As the old adage goes, if you’re not paying for the product, you are the product—every decision is a small data point that’s collected, bought, and sold. Now, the products—uh, the people—want a cut. Calling themselves data unions, crypto enthusiasts have started projects that give individuals payments in exchange for their data.

Data unions are quite unique in the sense that you don’t necessarily need to know about crypto, you don’t need to know about how blockchain works. But, everyone has data—everyone has that as an asset that they can benefit from,” said Chloë Diamond, CMO of Swash, which calls itself a data union.

Swash, which raised $19 million from investors as of October, says it has roughly 250,000 users who have downloaded its browser extension, which collects data about users’ online browsing habits in addition to personal information like their age, gender, and household income.
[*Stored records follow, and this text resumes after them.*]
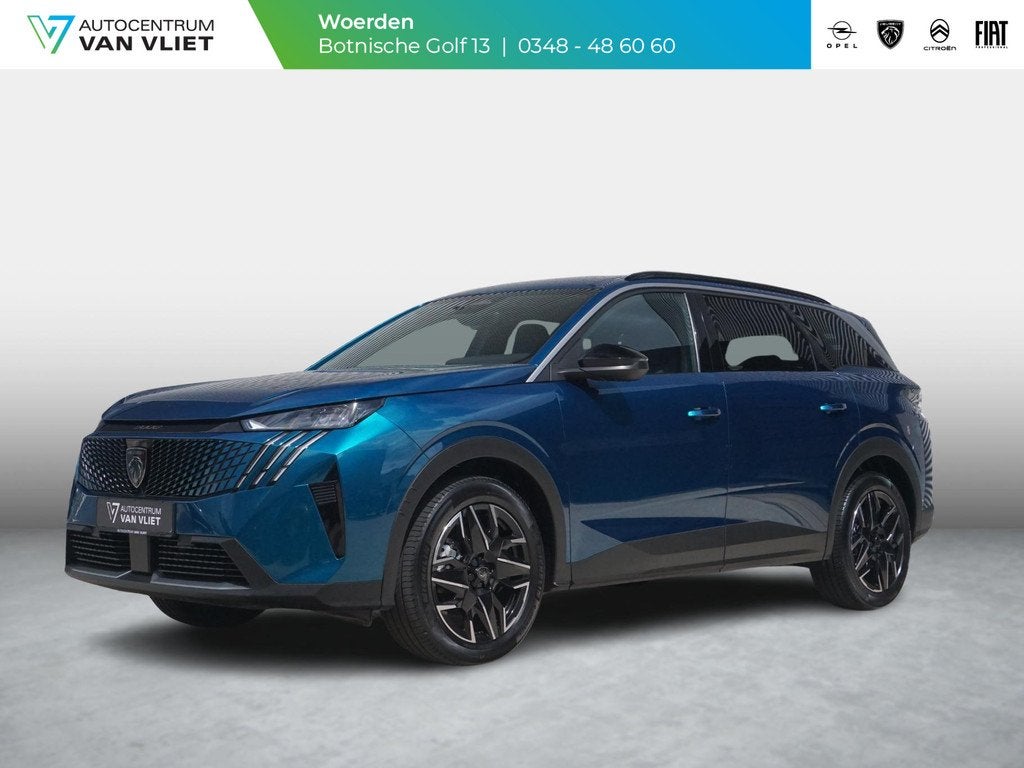 Peugeot 5008 1.2 Hybrid 145 Allure 7p Camera achter, Auto's, Peugeot, Gebruikt, 1199 cc, Blauw, Parkeersensor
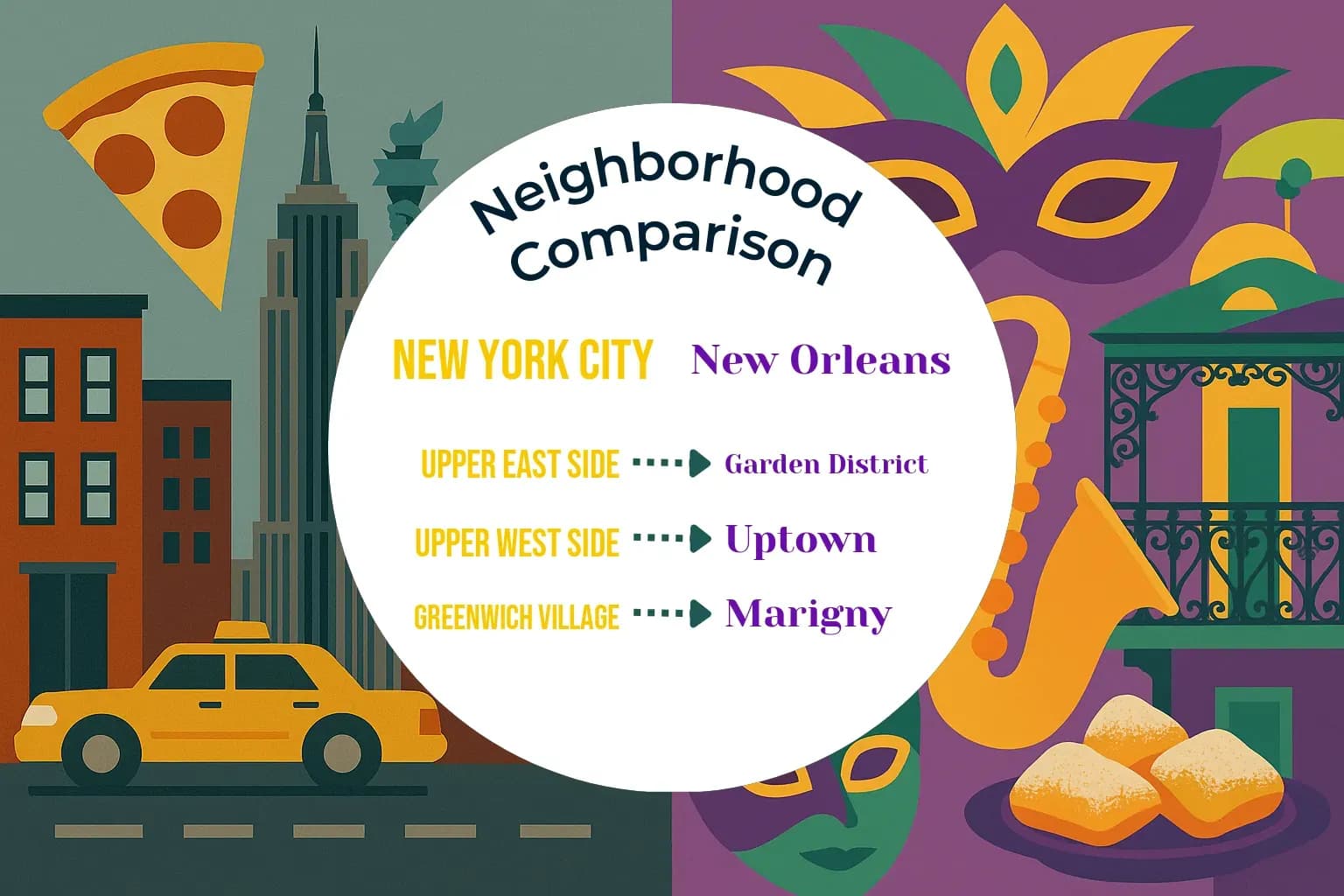 New York City vs New Orleans Neighborhood Comparison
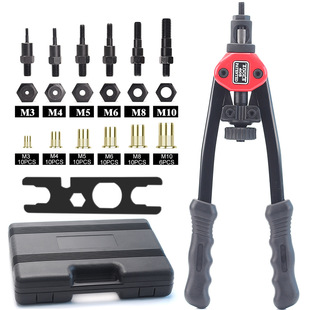 BT-605 13-inch manual rivet nut gun plastic box packaging metric pull rod 65pcs suit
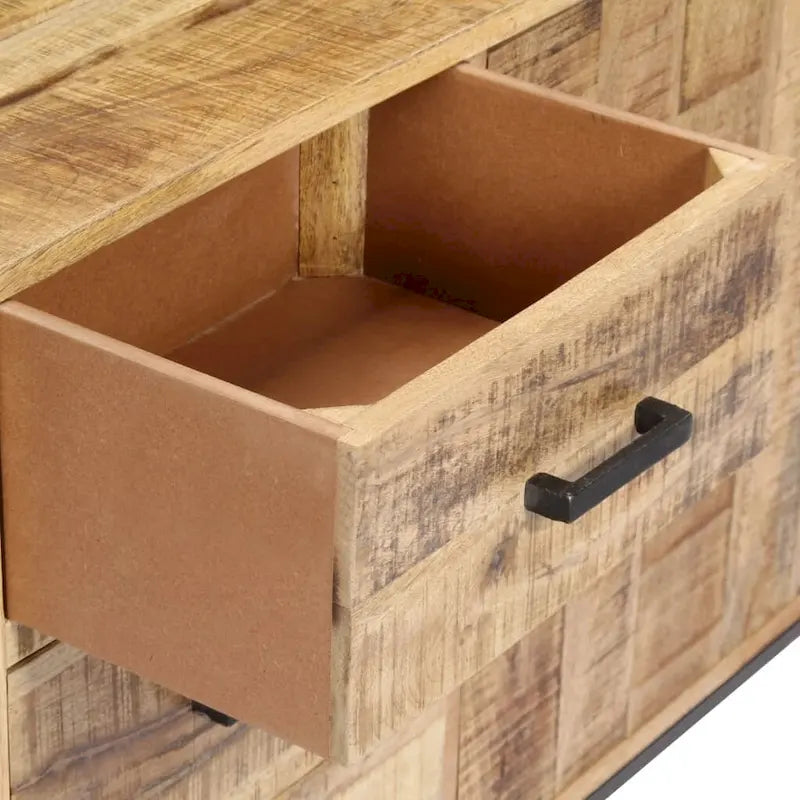 Sideboard 34.6"x11.8"x28" Solid Mango Wood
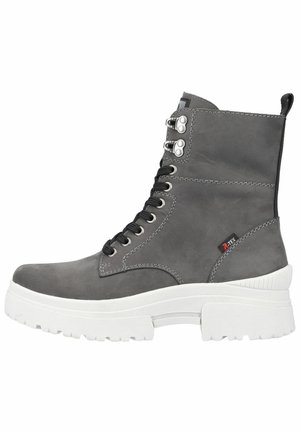 Schnürstiefelette - cenere black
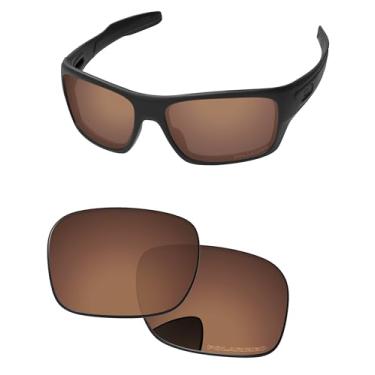 Imagem de PapaViva Lentes de reposição para óculos de sol Oakley Turbine OO9263 65 mm, Cobre marrom, Turbine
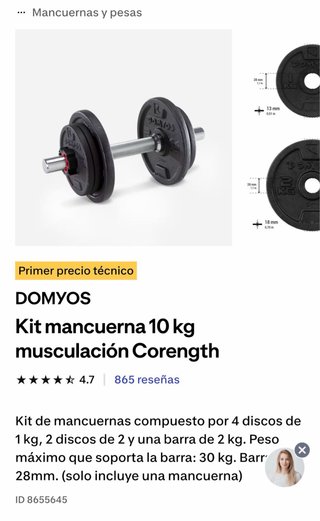 Pesas de gimnasio y discos
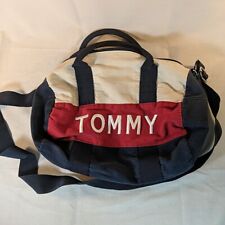 Usado, Bolsa tiracolo TOMMY Hilfiger de lona Shoudler vermelha azul 6922644 assinatura comprar usado  Enviando para Brazil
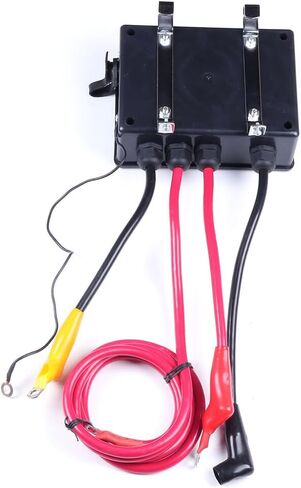 SCITOO - 12V Electric Winch Synthetic Rope Truck For Jeep 13000LB Trailer 4WD with Waterproof Soft Winch Cover in Saudi Arabia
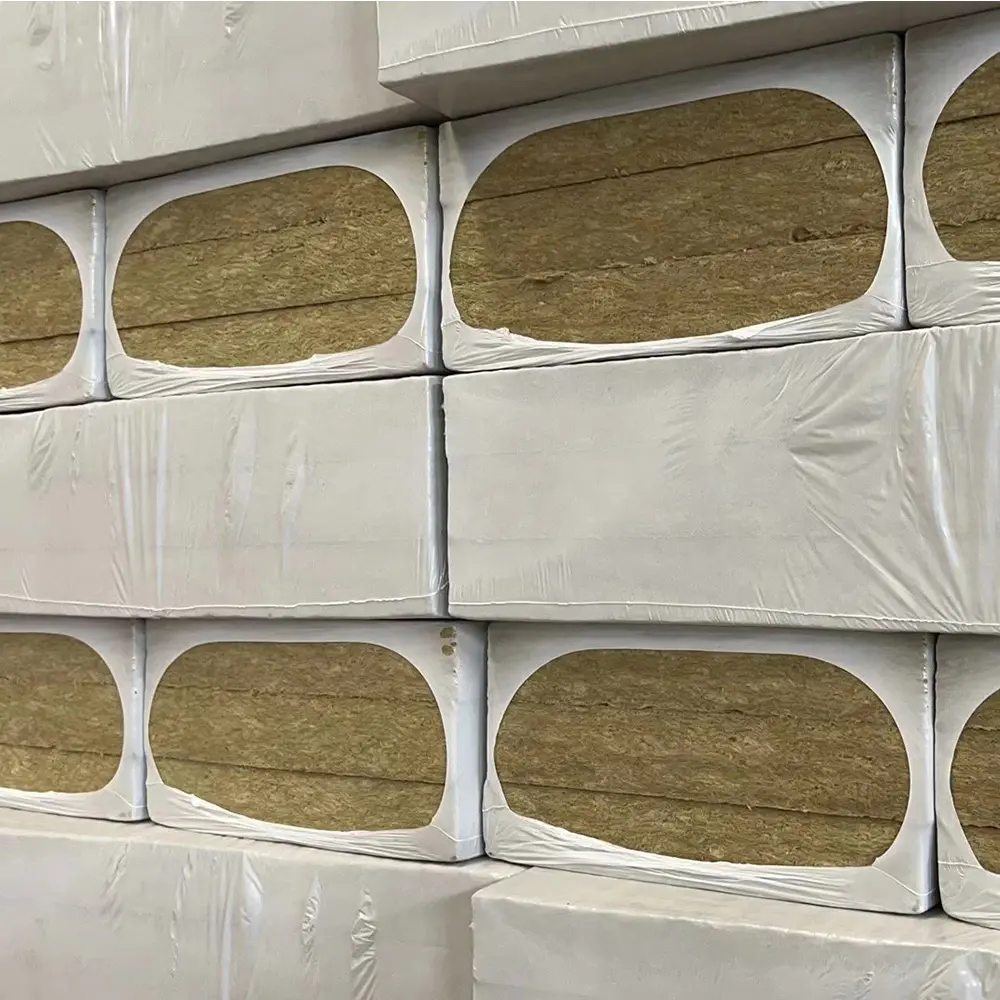 150 kg m3 Basalt-Steinwolle-Dämmplatte Filz Mineralwolle schallabsorbierende Wand- und Dachdämmung Steinwolle-Platte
In exchange, Swash gives users a Swash token, currently valued at $.02229. Like with other crypto projects, the belief is that the more the token is adopted, the more the price will rise. Ultimately, Swash imagines selling this data—with user consent—to individual brands, agencies, or data marketplaces.

Payments vary. Diamond told Marketing Brew that payouts have averaged “a few Swash per month,” with all members receiving an “equal distribution of tokens,” according to its site. But that is changing. Recently, she said Swash is updating its payment structure to ensure “active users receive more.”

Still, she was vague. Despite decrying a lack of transparency in the data industry, Diamond didn’t say how much Swash members make per week in exchange for their data, besides pointing out that Swash had distributed roughly 1,078,580 tokens as of writing, according to their website.

Let’s do some math: Equally distributed across 250,000 members, that’s about 4.31 tokens per member. Multiplied by $.02229, that’s about nine cents.

Swash has already found one client for its data, an “insights” company that Diamond declined to name.

Surf’s up

Paying people for their online data is not an original idea. During the 2020 presidential election, Andrew Yang pitched the “Data Dividend Project,” but as Wired noted, the idea harks back to the 1990s, when pay-to-surf companies paid people to browse the web, then tracked their browsing behavior for advertising purposes.

The problem: People were, and are, happy to surf for free.

“It required a real unicorn type of consumer who was hyper-geeky and really wanted some money for their data, and there were so few of those people,” said Myles Younger, VP of go-to-market and data at Media.Monks.

Now, leveraging the phosphorus glow of crypto culture, data unions are plying customers with tokens, suggesting that one solution to incentivized data-sharing exists within the next iteration of the internet, Web3. It isn’t totally unbelievable.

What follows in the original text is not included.